Грегус кивнул, подтверждая слова Чайлдса.
— Я уже сказал, что не знаю, удастся ли убедить его помочь нам. Это зависит, с одной стороны, от того, как велико его желание выбраться из тюрьмы, с другой, от того, насколько он ненавидит нас за то, что мы погубили его жизнь. Но если он обещает, то сделает, — твердо сказал Грегус. — Непременно сделает.
— Должны ли мы объяснить ему, почему хотим захватить Малика? — спросил Куинлан, все еще стремясь надежно прикрыть свои тылы.
— Мы должны ему все объяснить, — проговорил ЗДО, — хотя бы только для того, чтобы он знал, на что идет.

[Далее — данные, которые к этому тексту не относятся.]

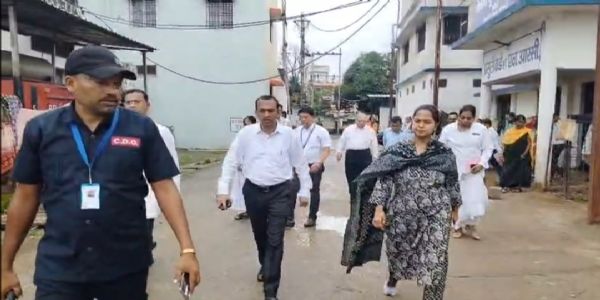 मेडिकल कॉलेज अस्पताल में कलेक्टर का औचक निरीक्षण, सीपेज की समस्या दूर करने 50 लाख रुपये स्वीकृत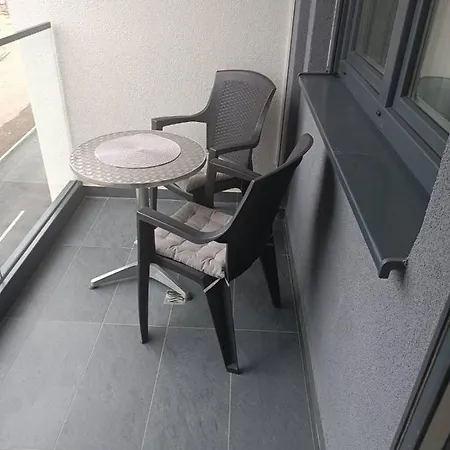 Vista Apartment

— Секретная служба, возможно, обеспечила нас надежным прикрытием, — заметил Грегус. — Я могу сказать Калли, что мы ищем Малика, так как он замешан в печатании фальшивых денег. Это, в конце концов, не ложь.
ЗДО удостоил Грегуса одобрительной улыбки.
— Неплохая мысль, Лу. К тому же она спасет наши задницы от порки в том случае, если ФБР удастся докопаться до наших истинных намерений. Впрочем, это маловероятно. — ЗДО поднял палец, еще раз предупреждая Куинлана и Уолтерса. — Напоминаю вам, что ни одно сказанное здесь слово не должно выйти из этой комнаты.
И, повернувшись к Грегусу, добавил:
— Займись этим, Лу. В случае необходимости обращайся прямо ко мне. И докладывай обо всем только мне лично.
Обнесенная тридцатифутовой стеной со сторожевыми башнями, льюисбургская федеральная тюрьма высится среди холмистых сельских просторов центральной Пенсильвании словно старинная итальянская крепость. Зловещее кирпичное здание, построенное в 1932 году в расчете на тысячу заключенных, сейчас содержит более полутора тысяч самых опасных преступников.
Здесь, в прачечной, находящейся в главном здании, где размещены камеры, Майк Калли гладил рубашки на гладильном прессе. Большинство из двадцати двух заключенных, которые работали в этом узком длинном помещении, громко перекликались, с трудом слыша друг друга из-за шума стиральных машин, сушильных центрифуг и прессов. Одни напевали песни в стиле реп, другие, фальшивя, высвистывали какую-нибудь мелодию, те, кто был в плохом настроении, разговаривали сами с собой.
Калли всеми силами старался отключиться от этого гомона, который не давал ему ни минуты покоя с того момента, как четырнадцать месяцев назад его привезли в тюрьму. Но полностью это было невозможно: у тюремной столовой те же акустические свойства, что и у шахты лифта, а в ней одновременно находятся несколько сотен заключенных. В тюремной жизни нет никаких удовольствий, зато многое раздражает — и прежде всего постоянный шум, громкая бессмысленная болтовня, хвастливый выпендреж и паясничание.